Like all the great men of that day—like Washington, Jefferson, Franklin, Hamilton, Patrick Henry, John Randolph, and all others of similar grade—John Jay was an ardent abolitionist. He brought home with him from abroad one negro slave, to whom he gave his freedom when he had served long enough to repay him the expense incurred in bringing him to America.
Mr. Jay, upon the division of the country into Republicans and Federalists, became a decided Federalist, and took a leading part in the direction of that great party. President Washington appointed him Chief-Justice of the Supreme Court, an office which he soon resigned. The most noted of all his public services was the negotiation of a treaty with Great Britain in 1794. The terms of this treaty were revolting in the extreme, both to the pride of Americans and to their sense of justice; and Mr. Jay was overwhelmed with the bitterest reproaches from the party opposed to his own. No man, however, has ever been able to show that better terms were attainable; nor can any candid person now hold the opinion that the United States should have preferred war to the acceptance of those terms. If a very skillful negotiator could have done somewhat better for his country, Mr. Jay did the best he could, and, probably, as well as any man could have done.

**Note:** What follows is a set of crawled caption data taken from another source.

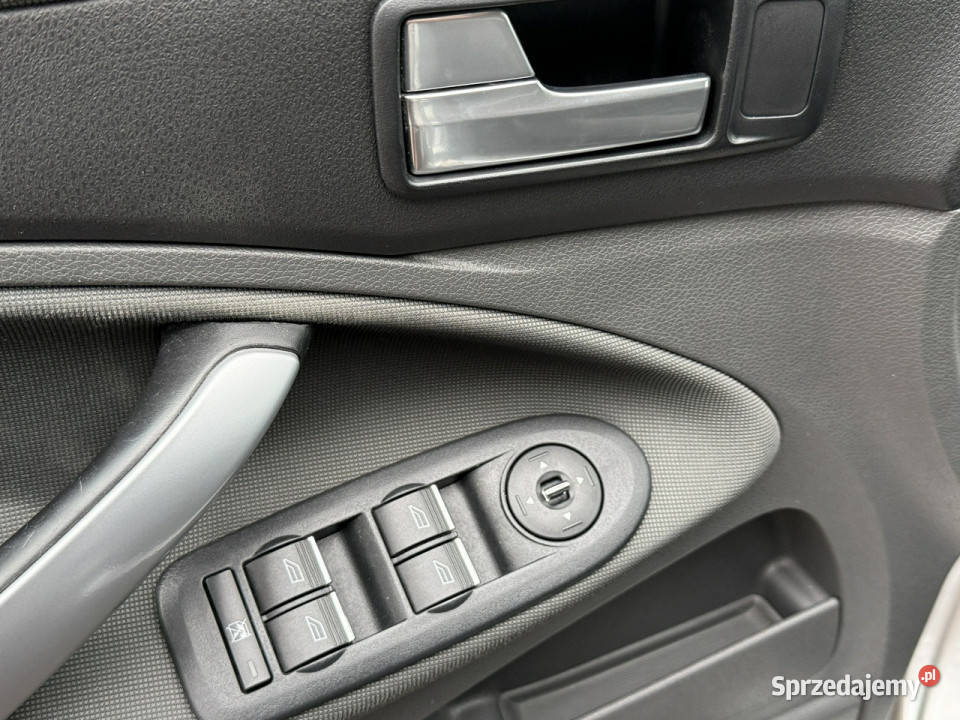 Ford Kuga 12r 20 TDCI 4x4 klimatronik czujnik zmierzchu Kuga śląskie Konradów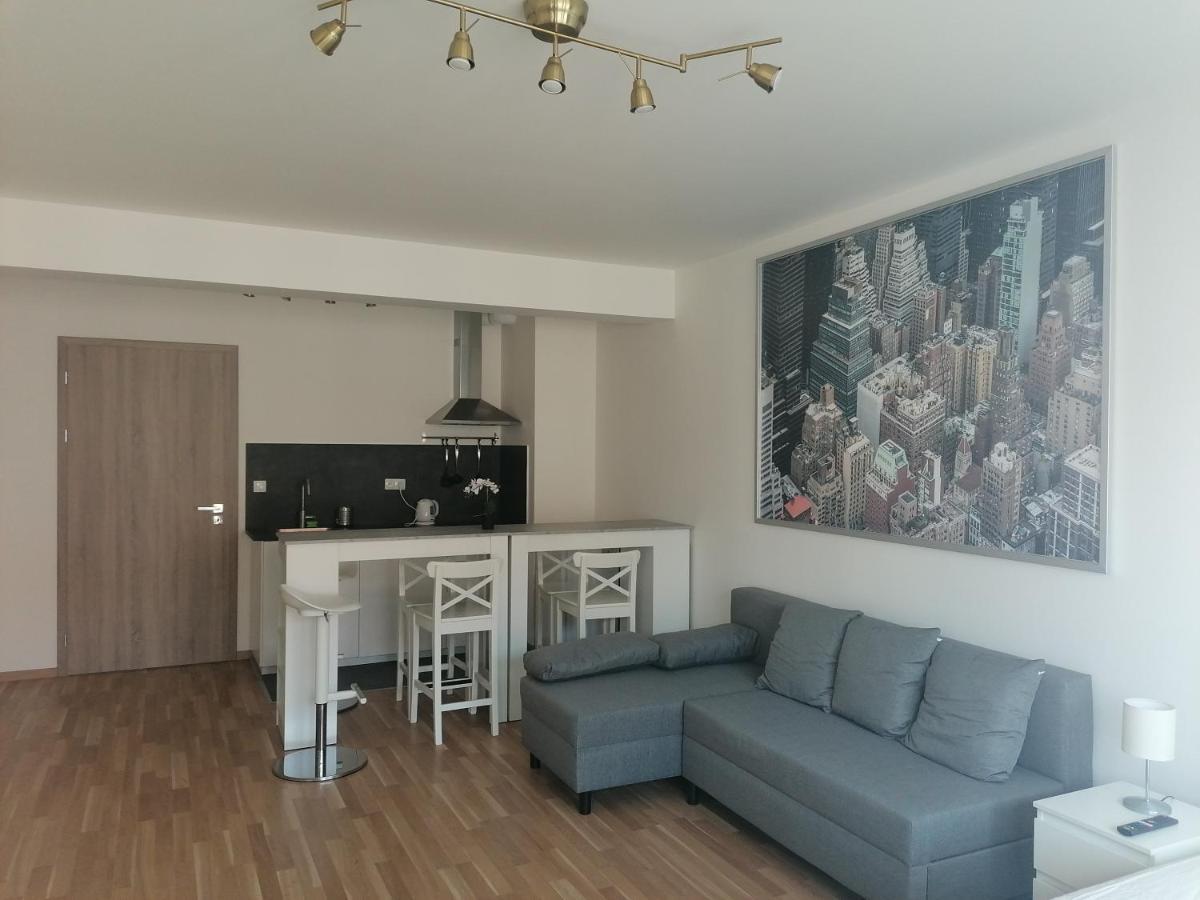 Brand New Two Room Apartment #64 In Elite Rezidence With Free Secure Parking Prague Luaran gambar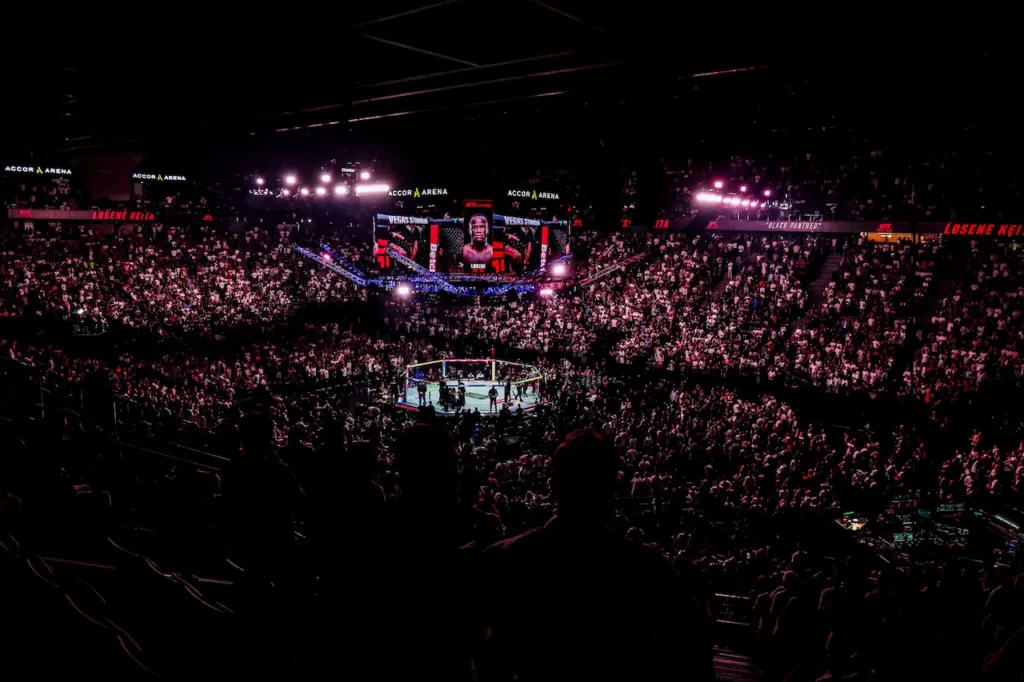UFC 331 på TV og stream – slik ser du Van mot Pantoja 2 i Norge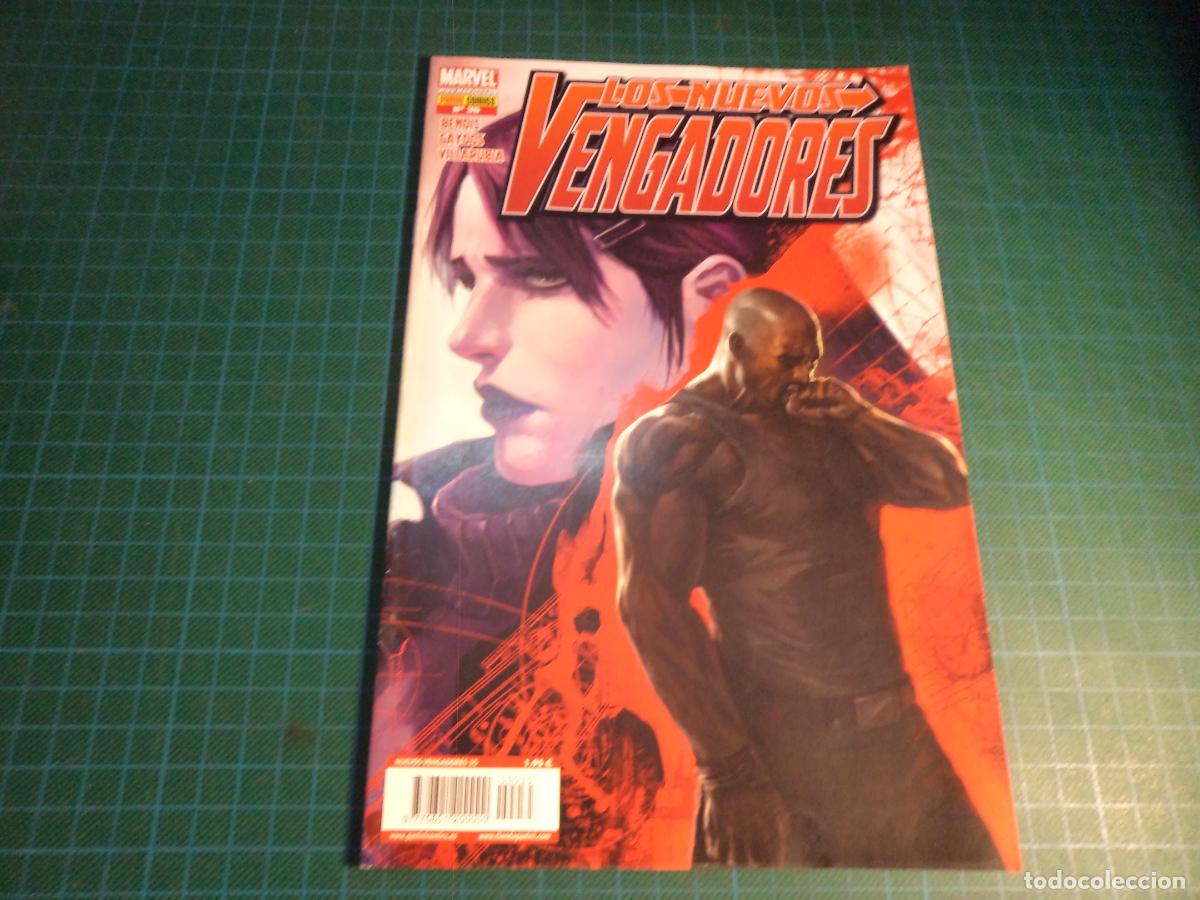 C&oacute;mics: Los Nuevos Vengadores. N&ordm; 35. Panini.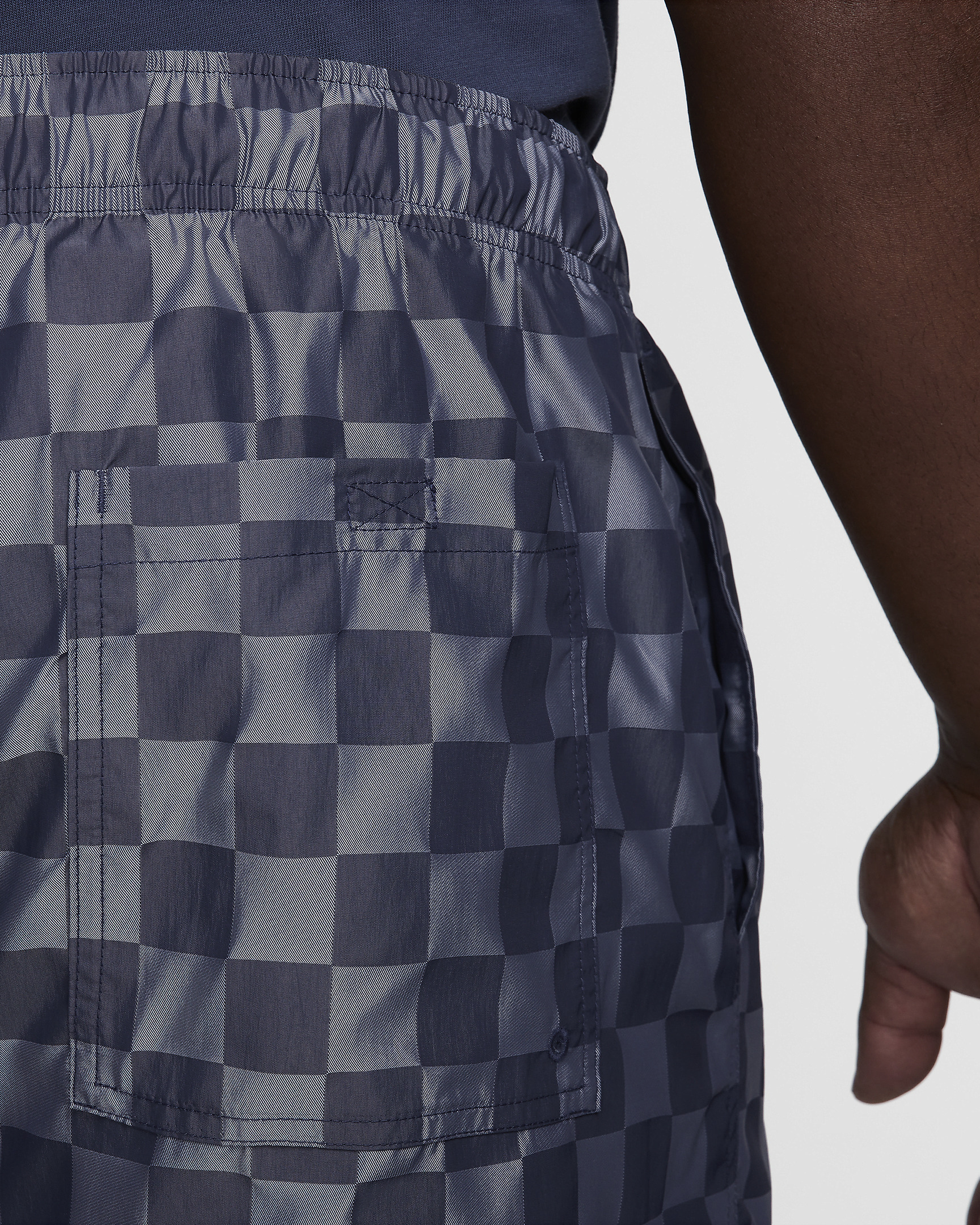 Nike Club Men's Flow Shorts - 12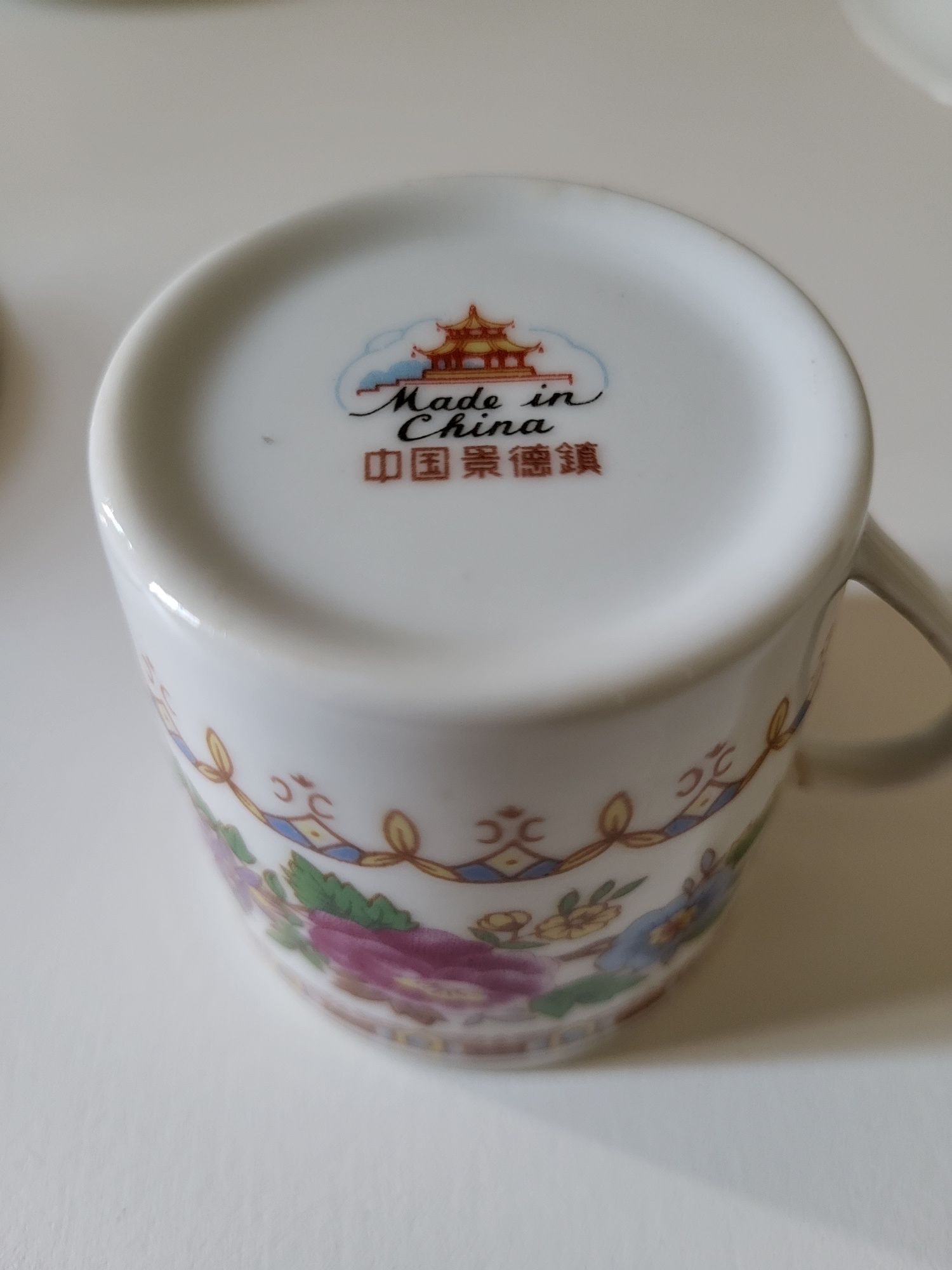 Komplet 4 filiżanek do kawy porcelana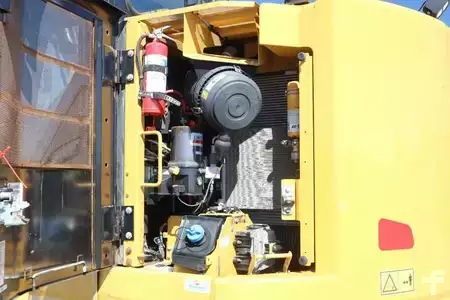 Rupsgraafmachines 2018 Caterpillar 325 F LCR | ROTOTILT | BUCKET (13)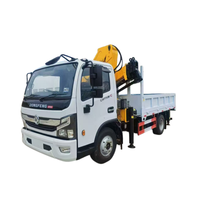 Grue montée sur camion KLF économique de 5 tonnes avec flèche mécanique pliable, portée de 5 m, hauteur de levage de 11 m, moment de charge élevé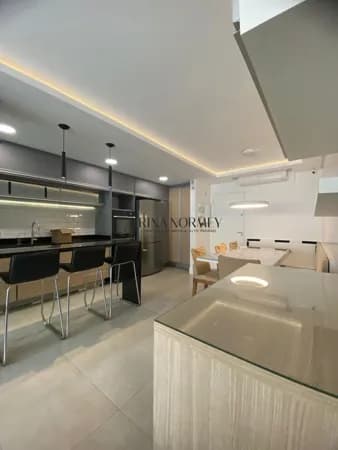 Apartamento á venda 2 dormitórios sendo 1 suite no Bairro Oswaldo Cruz, São Caetano do Sul/SP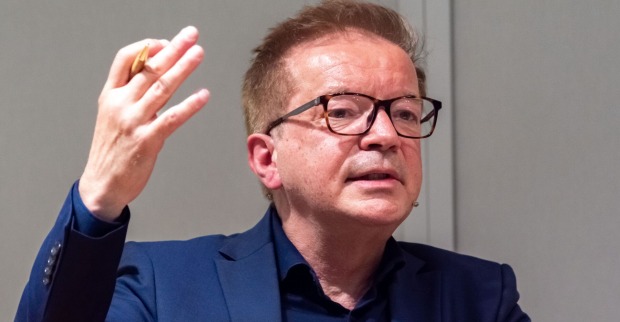 Rudi Anschober im Gespräch, er spricht und gestikuliert.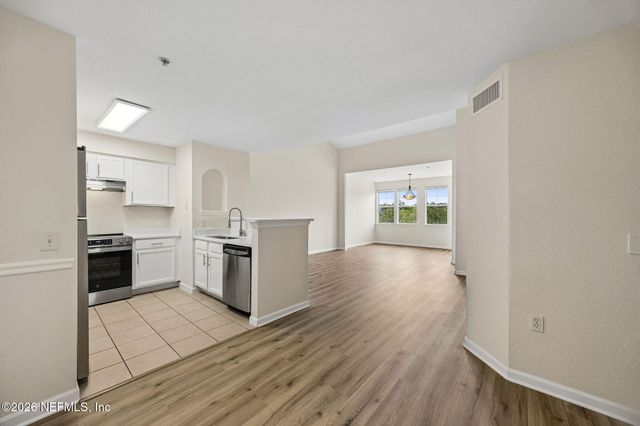 8550 TOUCHTON Road 2033, Jacksonville, FL 32216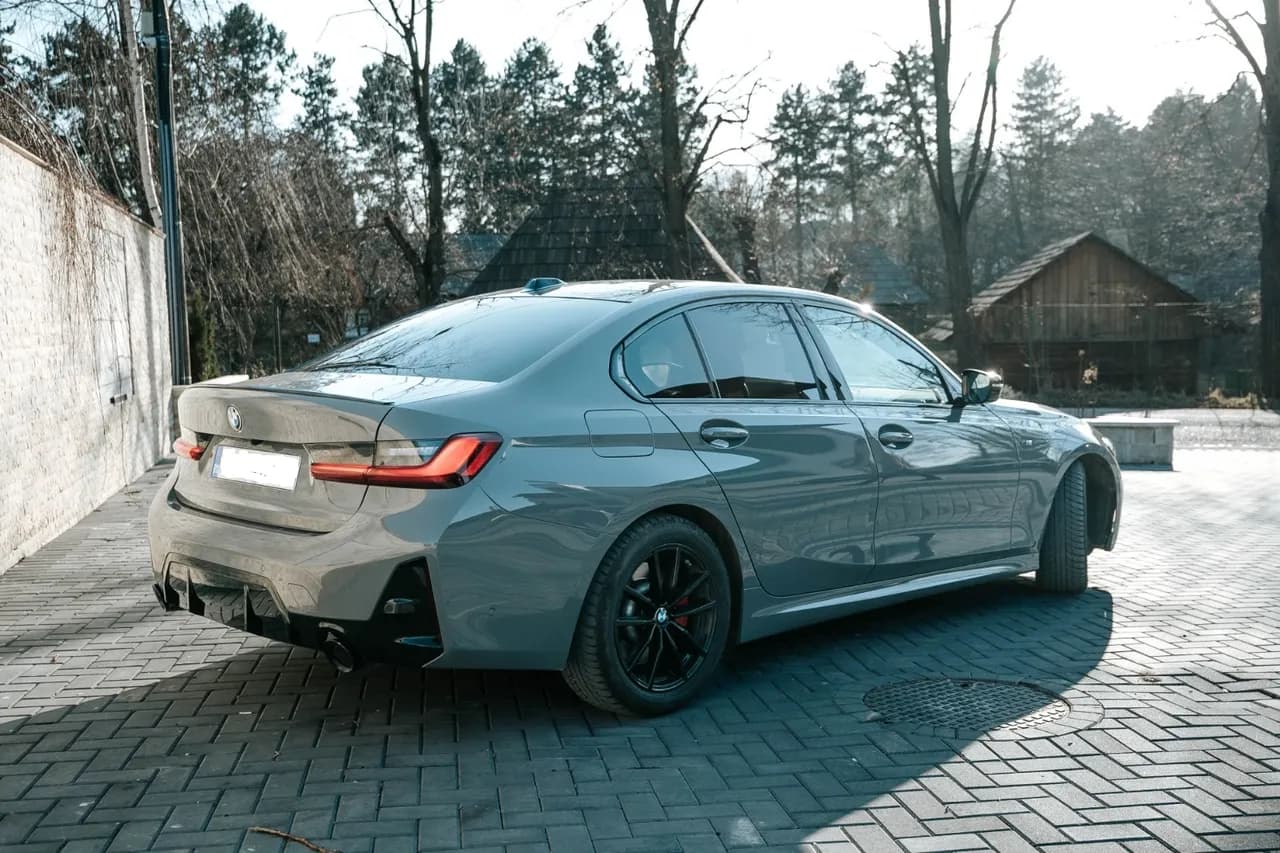 BMW 320 D xDrive, Model 2024, 190CP, 37.000 KM - 2024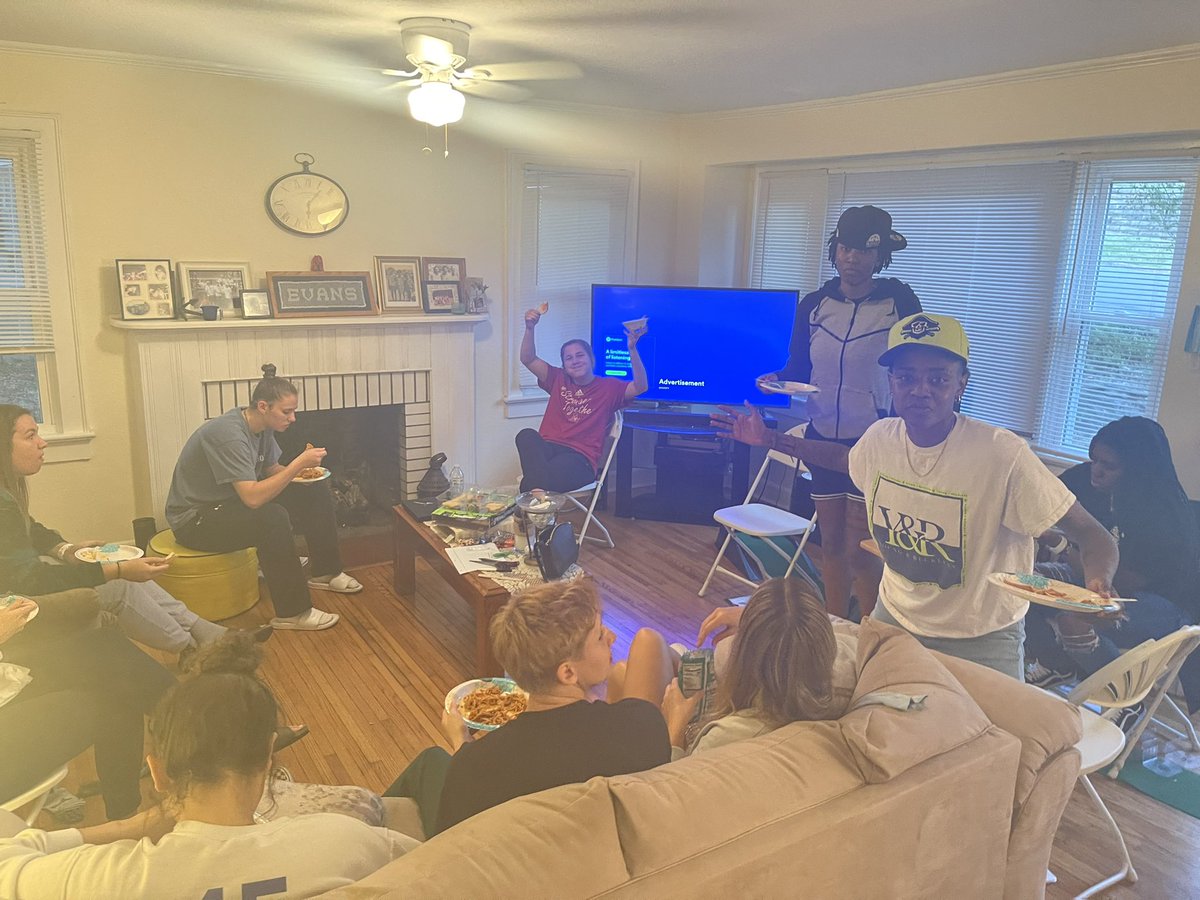 UTSouthern Women's Basketball tweet media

Never was a public man more outrageously abused. On one occasion, a mob paraded the streets of Philadelphia, carrying an image of Mr. Jay holding a pair of scales. One of the scales was labeled, "American Liberty and Independence," and the other, "British Gold," the latter weighing down the former as low as it could go, while from the mouth of the effigy issued the words:
"Come up to my price and I will sell you my country."
The effigy was finally burnt in one of the public squares.
Notwithstanding this storm of abuse, Mr. Jay was elected Governor of New York, from which office he retired to his pleasant seat at Bedford, where he spent the remainder of his life. He lived to the year 1829, when he died, aged eighty-four years, leaving children and grandchildren who have sustained his high character, illustrated his memory, and continued his work.